-- Records provided follows --
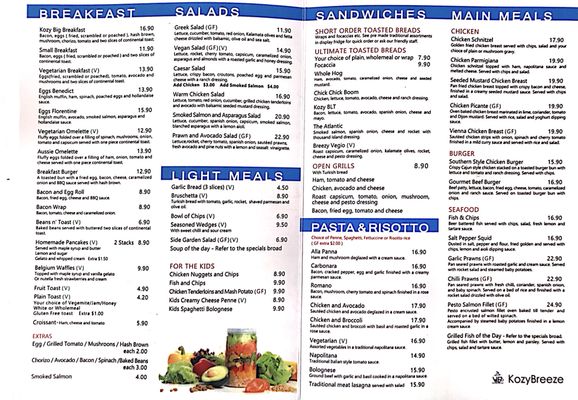 Menu photo 3 Kozy Breeze Cafe Gilles Plains, SA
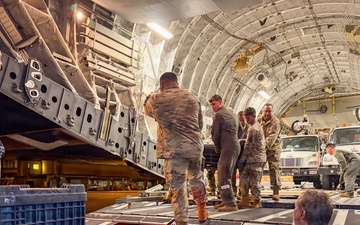 The second flight for Operation TREK808 arrives at Hilo International Airport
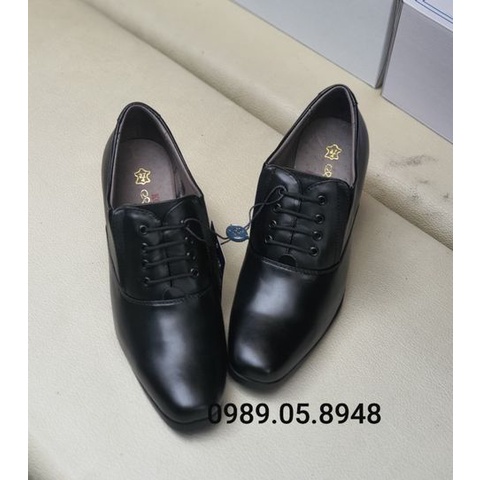 GIÀY DA SĨ QUAN NỮ CAO 7CM MÃ 607C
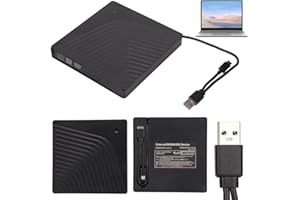 Starnearby Lecteur CD DVD Externe USB 3.0 Type C, Graveur CD DVD Externe USB C, Boîtier de Lecteur Optique pour Windows/Linux/Mac OS/Laptop PC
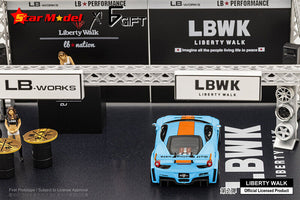 Star Model 1:64 Model Car LBWK LB-Silhouette WORKS 458 GT Alloy Die-Cast- Gulf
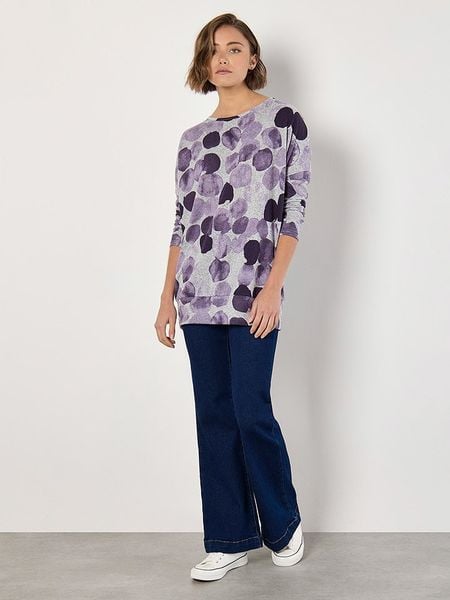 Apricot Koszulka w kolorze fioletowo-szarym rozmiar: L. Różowe bluzki damskie Apricot, l, bez wzorów, bez kołnierzyka. Za 56.53 zł.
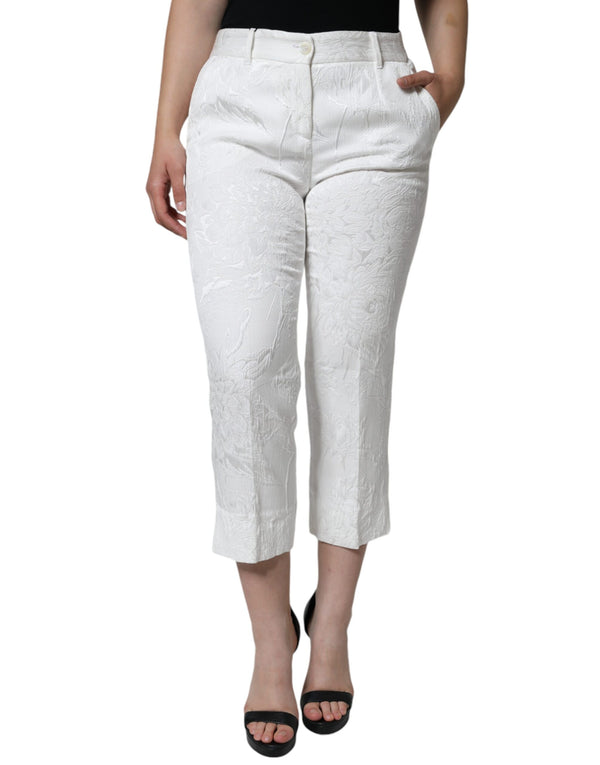 Dolce & Gabbana 50% Cotton 49% Viscose 1% Elastane trousers in white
-- Records provided concluded --
=== What is needed ===
Output all the data above verbatim, leaving out images.

=== Reply to the exercise ===
 Menu photo 3 Kozy Breeze Cafe Gilles Plains, SA
 The second flight for Operation TREK808 arrives at Hilo International Airport
 GIÀY DA SĨ QUAN NỮ CAO 7CM MÃ 607C
 Starnearby Lecteur CD DVD Externe USB 3.0 Type C, Graveur CD DVD Externe USB C, Boîtier de Lecteur Optique pour Windows/Linux/Mac OS/Laptop PC
 Star Model 1:64 Model Car LBWK LB-Silhouette WORKS 458 GT Alloy Die-Cast- Gulf
 Apricot Koszulka w kolorze fioletowo-szarym rozmiar: L. Różowe bluzki damskie Apricot, l, bez wzorów, bez kołnierzyka. Za 56.53 zł.
 Dolce & Gabbana 50% Cotton 49% Viscose 1% Elastane trousers in white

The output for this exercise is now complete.